Jan. 13 (Bloomberg) -- Nissan Motor Co.’s luxury Infiniti brand said last week it expects to repeat 2013’s increase of about 50 percent in sales volume in China, its second-biggest market.
“We expect to see continuous growth from our business in China,” Johan de Nysschen, president of Infiniti, said in Beijing on Jan. 11. “I would not at all be surprised to see if the current 50 percent annual growth may well be repeated during 2014.”
Sales by the Infiniti group jumped 54 percent to 17,108 units in the world’s biggest auto market last year, the Japanese carmaker said. China will probably become Infiniti’s biggest market by sales volume by the end of this decade, according to de Nysschen.
Infiniti expects to begin local production of two long-wheelbase models, the Q50 sedan and QX50 crossover, this year. Automakers offer stretched versions of their models for China, as consumers there prefer to be chauffeured and seek more backseat comfort.
The luxury Japanese automaker targets sales of more than 100,000 units in China within five years, Daniel Kirchert, managing director of Infiniti China, said in Beijing on Jan. 11.
China levies a 25 percent duty on imported cars, making them less competitive against locally produced models.
China’s main car association last week forecast that the world’s biggest automobile market will see slower growth this year as anti-pollution and austerity campaigns spread.
The country became the first to see domestic sales surpass 20 million units a year, and will see deliveries rise as much as 10 percent in 2014 after last year’s 14 percent growth, according to the state-backed China Association of Automobile Manufacturers.
While China may already be the world’s biggest auto market, the country has plenty of room to grow as the number of vehicles on its roads only account for about 6 percent of the population, versus 80 percent in the U.S. and 36 percent in South Korea, according to data compiled by Bloomberg.
Nissan’s sales in China last year climbed to 1.27 million units, trailing only Volkswagen AG and General Motors Co. among foreign makers.
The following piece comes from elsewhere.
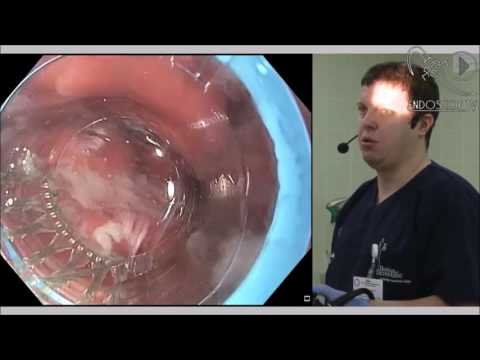 Видео: Лигирование варикозно расширенных вен пищевода (запись прямой трансляции)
It was followed by South Korea’s Hyundai, whose deliveries climbed about 20 percent to exceed 1 million for the first time, according to company figures compiled by Bloomberg.
While China’s motorization has been a boon for foreign automakers, pressure is building on the government to step in as pollution and traffic congestion worsens. That’s prompted more Chinese cities to introduce restrictions on vehicle purchases.
The northern Tianjin municipality began restricting its car population this year, joining Beijing, Shanghai, Guangzhou and Guiyang in imposing vehicle quotas.
“Vehicle sales in China are facing pressures brought on by environmental protection, traffic jams and more cities limiting purchases,” Shi Jianhua, a vice secretary general at the auto association, said in Beijing. “Demand for imported luxury vehicles will surely decline as the official frugality campaign spreads beyond the government and affect companies and individual consumers.”